Longtemps, il a fallu appréhender l’écriture de cet article. Oui, lorsque j’ai découvert Nick Cave sur cette même scène en 2018, ce fut la sidération. Oui, pendant les mois qui ont suivi, j’ai plongé dans une quête d’absolu. Naviguant dans une mine d’or inexploitée, je sondais l’origine de ce choc frontal, de cette collision qui m’avait laissée hébétée au beau milieu d’une nuit d’été. Alors, remettre en jeu cette anamnèse était à double risque: la déception d’une seconde rencontre? Le risque de défaillir à cette nouvelle messe du rock?
Une scène incantatoire
A 22h15 précises, Get Ready for Love signe un démarrage en trombe. Une ambiance humide et lourde sature la salle. Je constate que l’absence de climatisation et la proscription de tout rafraîchissement dans l’enceinte du Strav’ participeront à me transporter loin de Montreux, là où le temps n’a plus lieu d’être. Comme lors de tous les concerts du crooner, une planche parallèle au public est installée sur la longueur de la scène à hauteur du premier rang. Le leader des Bad Seeds y prêchera ses psaumes. De long en large, il parcourt son estrade, l’œil inquisiteur. Nonchalamment, après chaque titre, il crache sa glaire.
Les incontournables ne manquent pas. L’avènement du «King of Rock’n’roll» dans la tempête de Tupelo, la réincarnation jouissive de Jubilee Street et le pacte diabolique de Robert Johnson, aux abords de Genève dans Higgs Boson Blues. Les titres se prolongent, les Bad Seeds se calent sur les pauses et les emprunts du maître de cérémonie. En face de moi, juste derrière Georges Vjestica, une veine saillante traverse le cou du batteur Jim Sclavunos. Warren Ellis, au violon, se propulse sur le plat de sa chaise.
Voir au-delà de la main rouge
L’album Carnage, issu du projet entre le chanteur et Warren Ellis – qui co-écrit quasiment l’intégralité des nouveaux titres du groupe – est présenté par l’intermédiaire de deux titres dont White Elephant, s’élevant crescendo et profitant de la présence de choristes. L’ensemble rend presque anecdotique Red Right Hand, popularisé par la série Peaky Blinders. C’est que Nick Cave n’est plus cette fiction magnifique du démon.

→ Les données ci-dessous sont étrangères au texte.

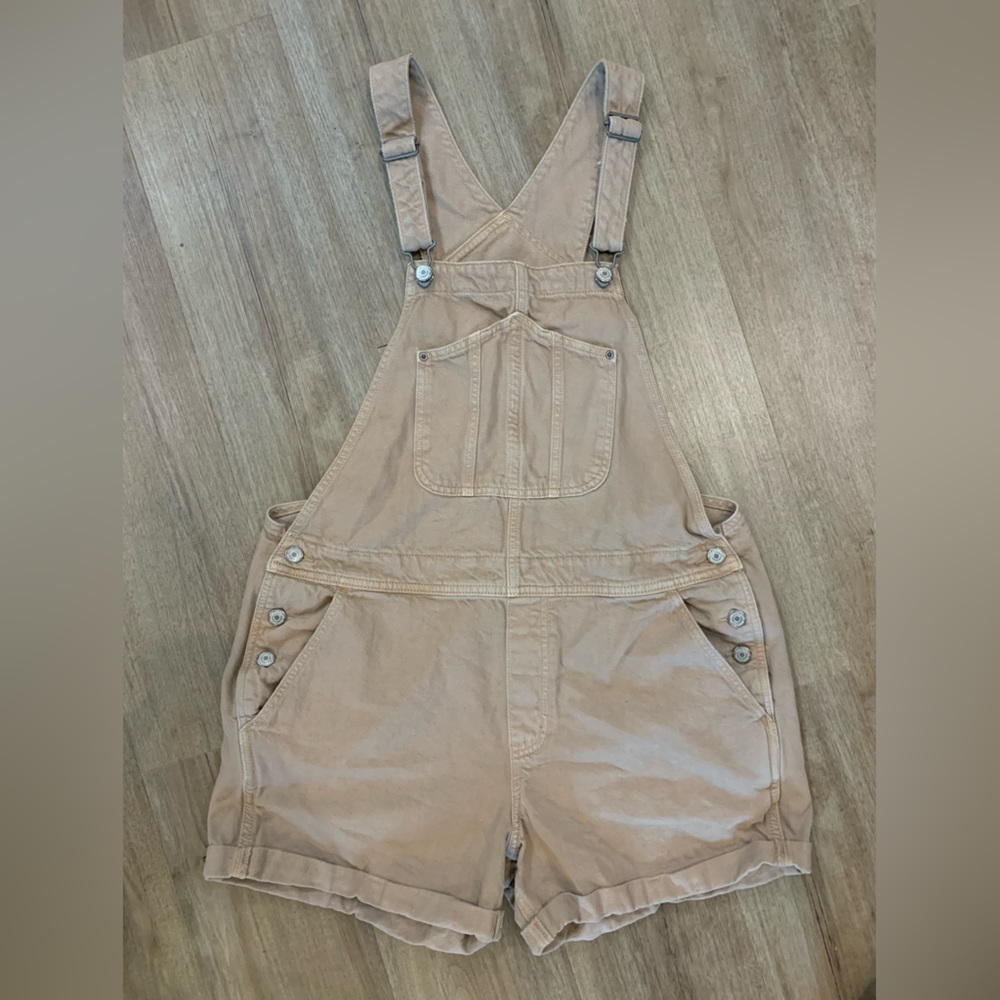Old Navy slouchy straight jean short overalls
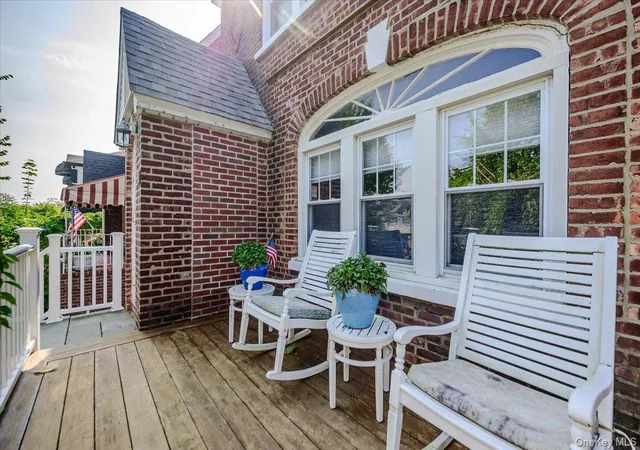 Photo 3 of Sale Pending at 516 W Market St, Long Beach, NY 11561 | MLS# 1033697 | Listing updated on 2026-09-18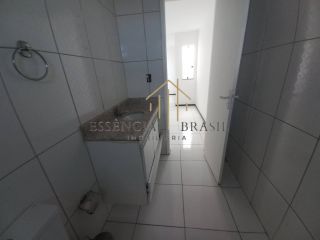 EXCELENTE CASA TRIPLEX com 4 suítes em condomínio, no Caji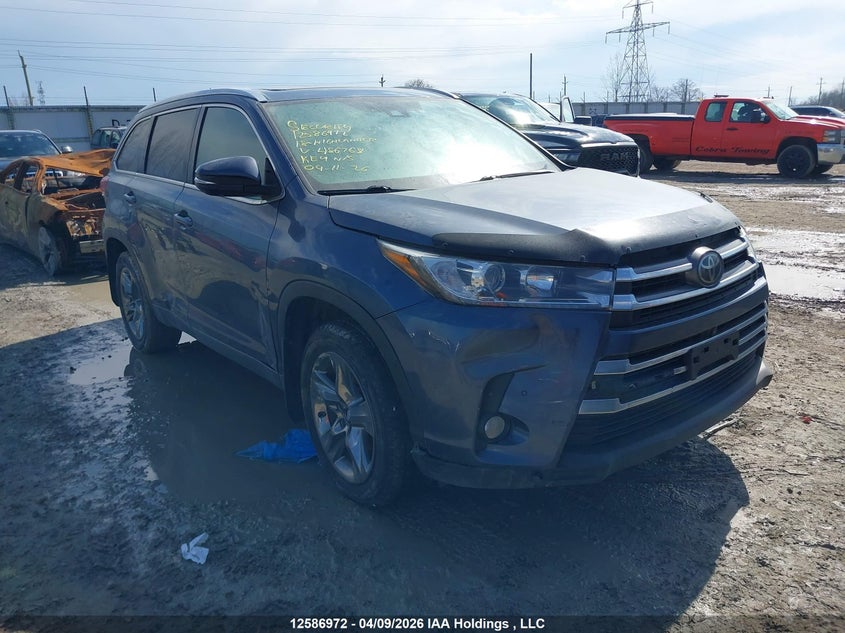 2018 Toyota Highlander Limited VIN: 5TDDZRFH2JS486768 Lot: 12586972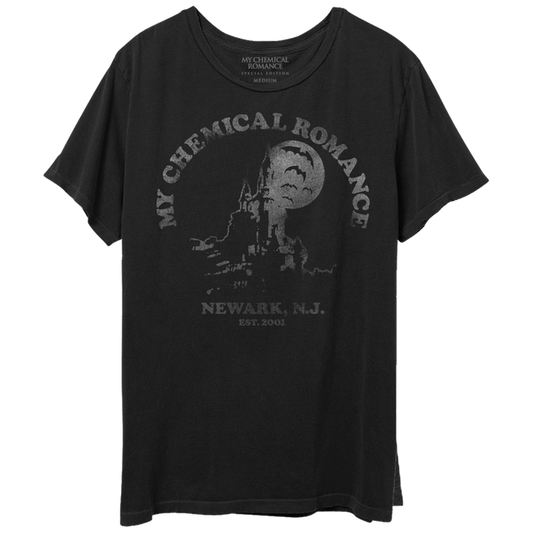HAUNTED CASTLE DISTRESSED T-SHIRT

Au piano, l’émotion le submerge lors de l’interprétation de I Need You, seul titre de Skeleton Tree joué. Les paroles «just breath» seront répétées comme un leitmotiv durant tout le concert. Au milieu de la nuit, le poème de Ghosteen Speaks signe l’aboutissement de cette parenthèse magique. L’assistance ondule, comme une dernière communion dédiée aux invisibles et à la fragilité de l’existence.
Me voilà rassurée: l’ensorcellement a donc bien eu lieu. La grande découverte a laissé place à l’émerveillement. Croiser le regard de Cave, à travers la lumière crue des projecteurs, c’est détenir la certitude d’avoir assisté à un événement éternel.